Stores and stalls. (Photo by Thuy)


Pretty much every main street is a shopping district.  But without zoning laws, stores, businesses, and residences are crowded together.  In addition to the stores in buildings, many vendors set up stalls on the sidewalks in front of stores
Fancy stores and  not-so-fancy stores. (Photo by Thuy)

Share the road - with everything. (Photo by Thuy)

That's another thing.  In Chennai, sidewalks are something of an enigma.  They appear in front of a few stores, but suddenly end and you have to navigate the street and dodge cars, auto rickshaws, and beasts of burden to reach the next store.


Stores don't have bar codes on their merchandise.  Without bar codes, here’s how it works at Victoria Technical Institute (VTI), the Indian handicrafts store.
  • You take your items to the counter
  • Employee 1 (E1) reads the tag to E2, who enters the item number into the only computer in the store.
  • After E2 enters all the items, she prints out a customer invoice that goes to E3, the cashier.
  • You pay E3 and take your receipt to the counter, two feet from where E1 called the numbers.
  • At the counter, E4 has the sales copy of the invoice and meticulously wraps your purchases in brown paper.  He is ably assisted by E5, who holds the paper straight while E4 wraps your items.

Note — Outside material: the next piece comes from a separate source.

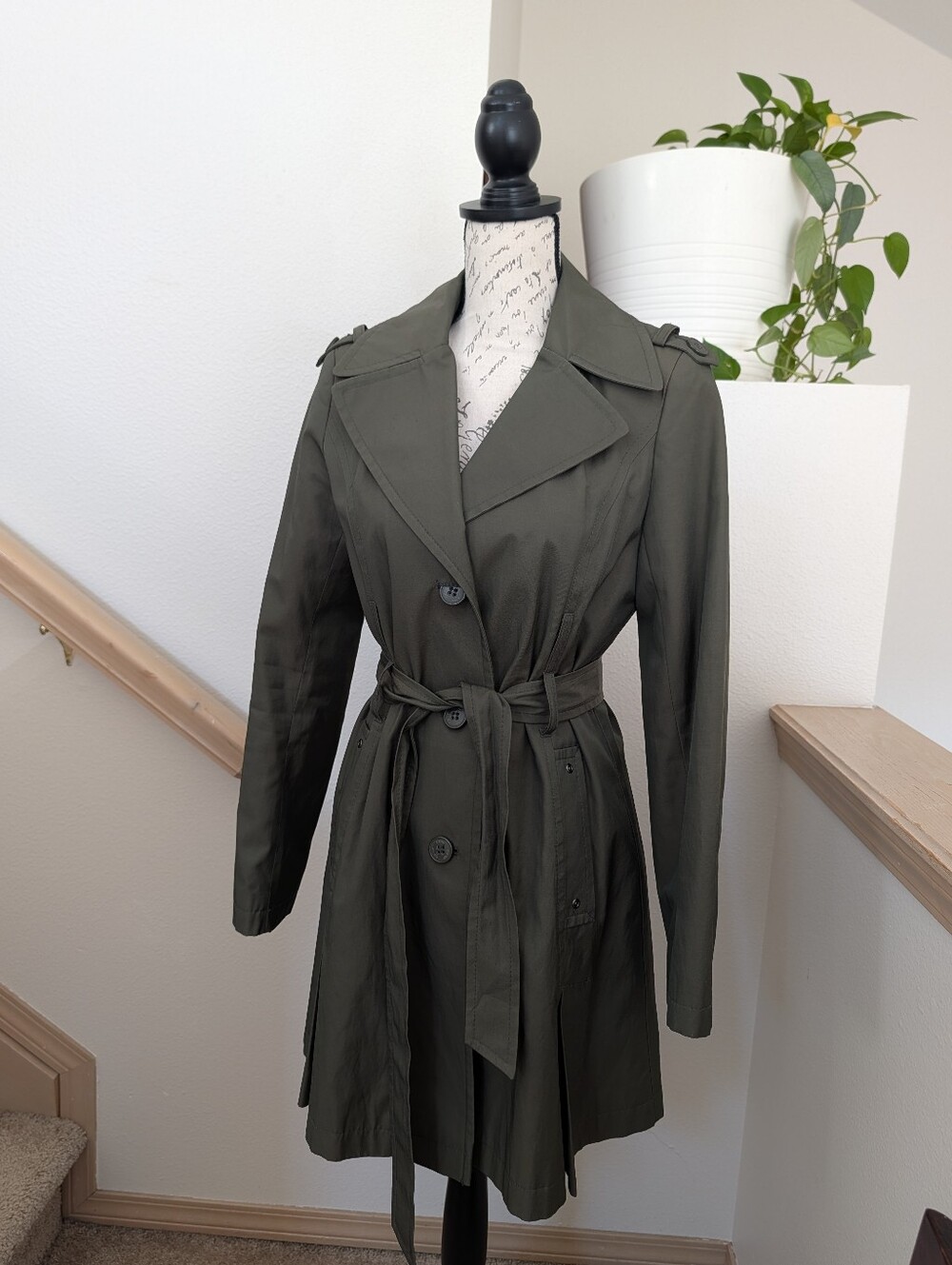 DKNY Single-Breasted Trench Coat - Olive Green, Small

If you bought a framed piece of art, E4 also wraps it in corrugated cardboard.  E4 and E5 place the items in plastic bags and staple the sales invoices to the bags.
  • You present your customer invoice to E4 (or E5), who checks the sales invoice against the customer copy.  When he verifies that the invoices match, he takes a rubber stamp, pounds both copies, and hands you your invoice and purchases.
  • At this point, if you have one or two bags, you take them and exit the store.  We had a whole bunch of bags and some large items, so Es 6-8 carried them to the van.

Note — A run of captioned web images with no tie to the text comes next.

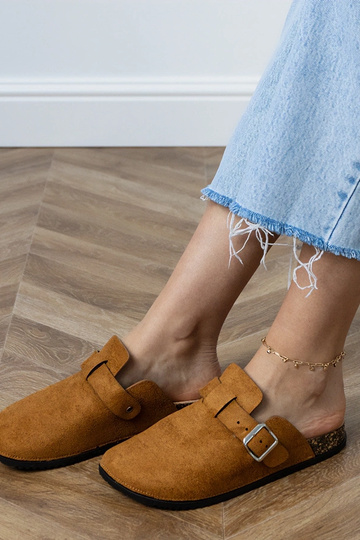 Hnedé uzavreté šľapky na... 2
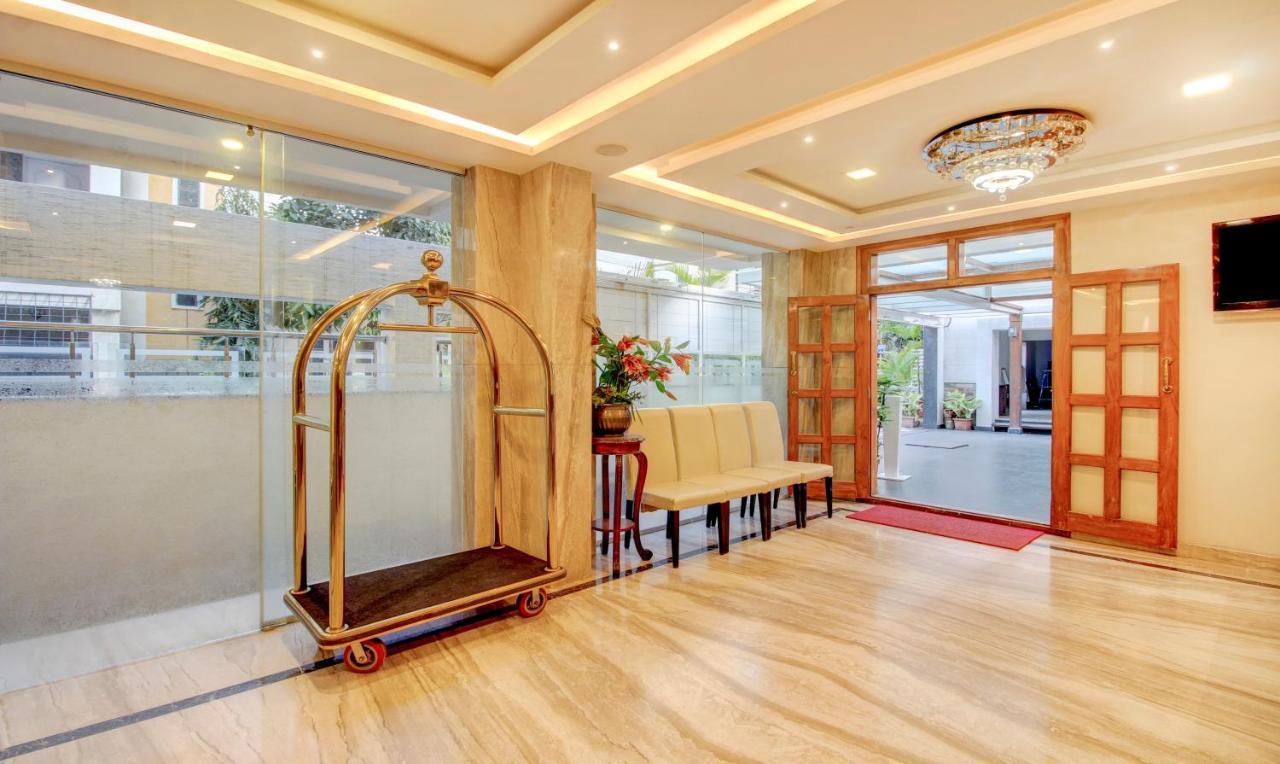 Treebo The Sai Leela Suites R T Nagar Bangalore Extérieur photo
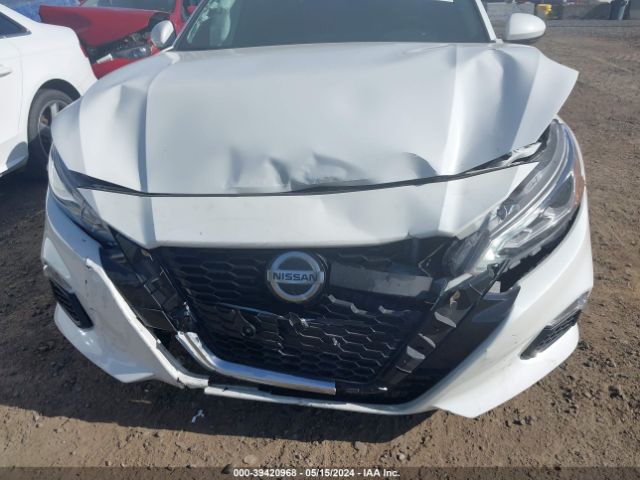 1N4BL4DW0NN310428 Nissan Altima Sv Intelligent Awd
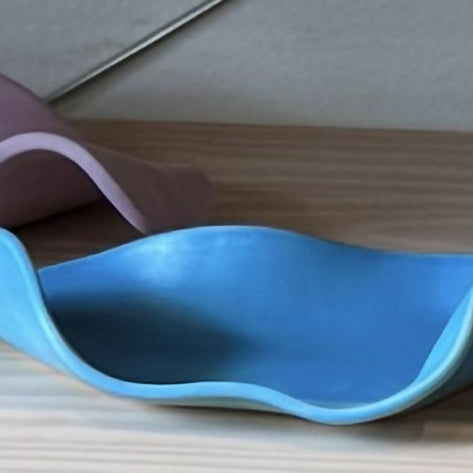 MEDIUM - wavy ceramic dish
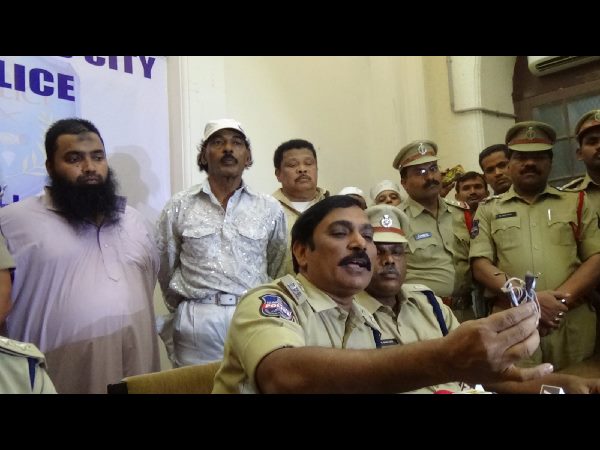  కువైట్ వెళ్లిన కుటుంబాన్ని టార్గెట్ చేసుకుని...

The employee:customer ratio in this store is about 4:1 (Thuy again)
In quite a few stores, the employee:customer ratio is much higher than in American stores and the employees sometimes follow you as if you were at a car dealership.  I think the fact that labor is so cheap makes these inefficiencies tolerable.  Automation, e.g. bar code scanners and computers, is prohibitively expensive for most stores.  Besides, they don't work well during a rolling blackout.

When you get home you have to unwrap everything to figure out what belongs to whom.  Then you have to re-wrap everything to pack it in the suitcases.